MESH solves this by creating an encrypted peer-to-peer overlay network and assigning each node a CGNAT-range address via a virtual TUN interface. Devices appear as if they are on the same local subnet — even when geographically distant or behind multiple NAT layers.
This enables remote mobile forensics using ADB Wireless Debugging and libimobiledevice, allowing tools such as WARD, MVT, and AndroidQF to operate remotely without exposing devices to the public internet.
The mesh can also be used for remote network monitoring, including PCAP capture and Suricata-based intrusion detection over the encrypted overlay.

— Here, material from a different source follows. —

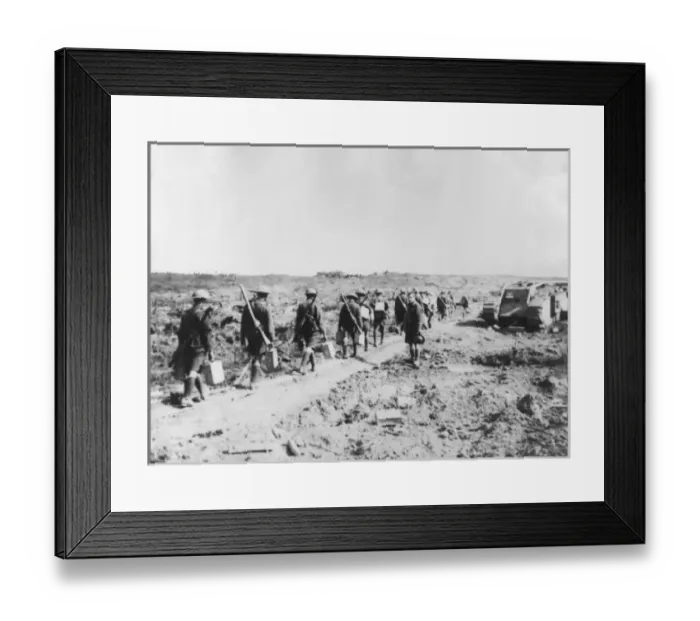 Framed Print : Carrying water to the front line, Western Front, WW1 Framed Print : Carrying water to the front line, Western Front, WW1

Allowing for both immediate forensics capture and network capture.
MESH is designed specifically for civil society forensics & hardened for hostile/censored networks:
- Direct peer-to-peer WireGuard transport when available
- Optional AmneziaWG to obfuscate WireGuard fingerprints to evade national firewalls or DPI inspection
- Automatic fallback to end-to-end encrypted HTTPS relays when UDP is blocked
Meshes are ephemeral and analyst-controlled: bring devices online, collect evidence, and tear the network down immediately afterward. No complicated hub-and-spoke configurations.
For full documentation:
https://docs.meshforensics.org/
git clone https://github.com/BARGHEST-ngo/mesh.git
cd MESH
task build
task controlPlane
task apikey
Local: https://localhost
Remote: https://your-domain:8443/login
The Web UI uses a self-signed certificate by default.
Important
The default ACL allows nodes in each network talk to each other. Production deployments should use restrictive policies. Modify these via the ACL tab.

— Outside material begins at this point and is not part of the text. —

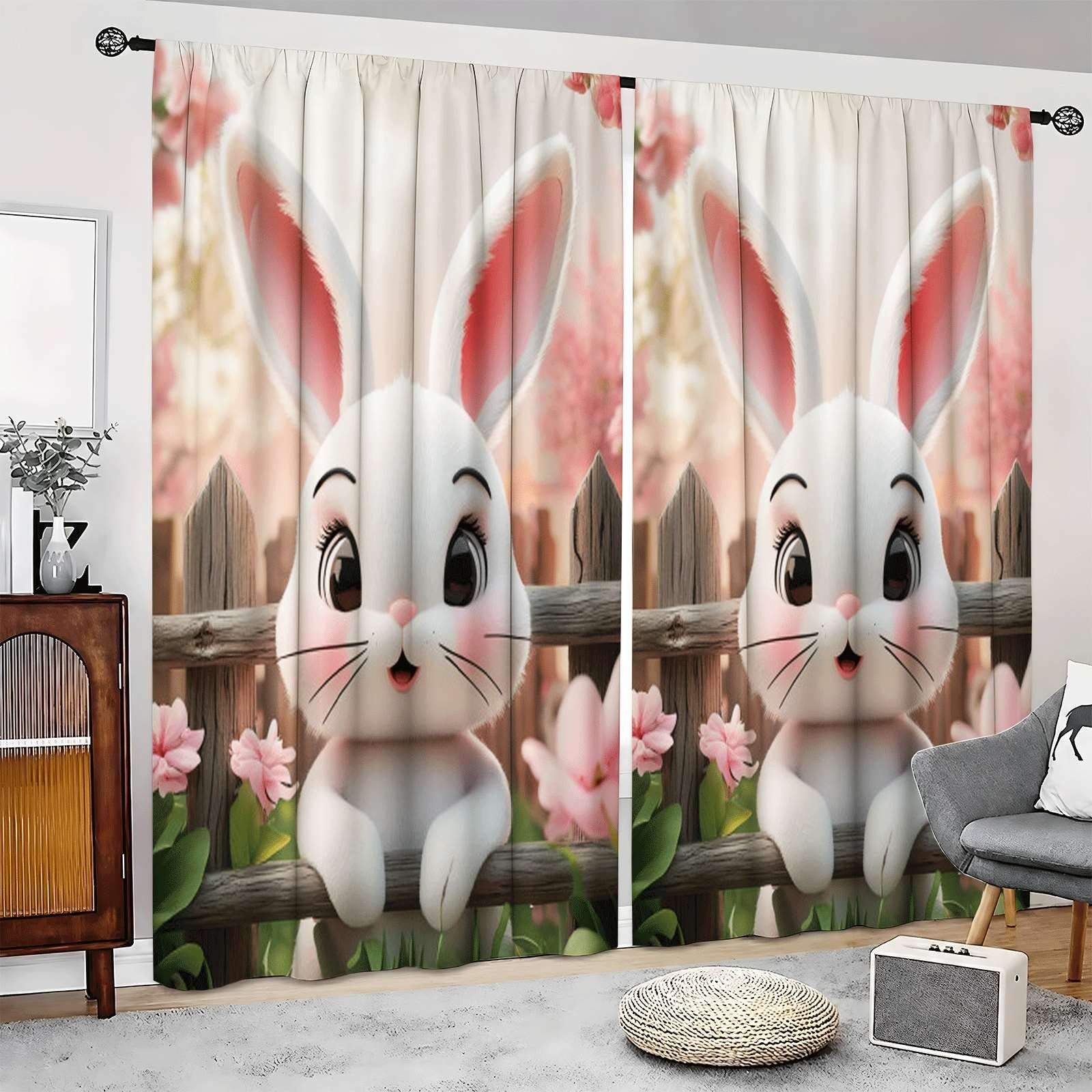 2Pcs Cute Bunny Pink Flowers Curtains Thermal Insulated Drapes for Home Decor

Your MESH network is now ready to accept nodes.
See the documentation for node enrollment and forensic workflows.
MESH is a heavily modified fork of the Tailscale protocol, but does not require Tailscale infrastructure.

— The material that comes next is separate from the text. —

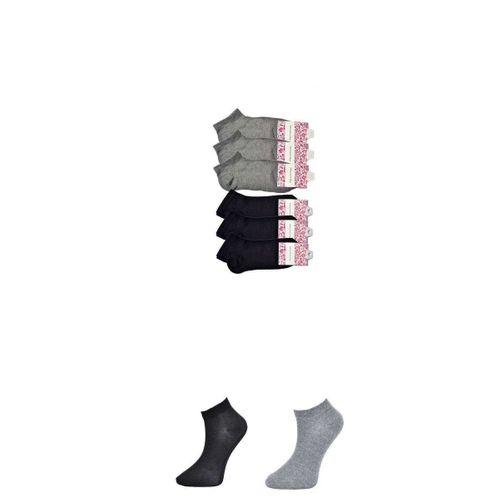 Siyah Ve Gri Kadın Bilek Çorap 6 Çift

To establish peer-to-peer, end-to-end encrypted channel is created using UDP hole punching. If UDP is unavailable or blocked, it will fail over to E2EE HTTPs relays called DERP relays. The DERP protocol DERP (Designated Encrypted Relay for Packets) servers relay traffic between nodes when a direct peer-to-peer connection cannot be established.
MESH follows the same model. By default, if an operator has not configured their own DERP infrastructure (which can be done using MESH's control plane), MESH uses Tailscale’s public DERP servers to ensure reliable connectivity, particularly in restrictive network environments. However, MESH does not require Tailscale infrastructure: operators can deploy and use their own DERP servers via the control plane, which includes an embedded DERP implementation. This makes MESH fully self-hostable when desired.
DERP servers act purely as transport relays. They facilitate connectivity between devices but do not have visibility into the data exchanged, which remains end-to-end encrypted.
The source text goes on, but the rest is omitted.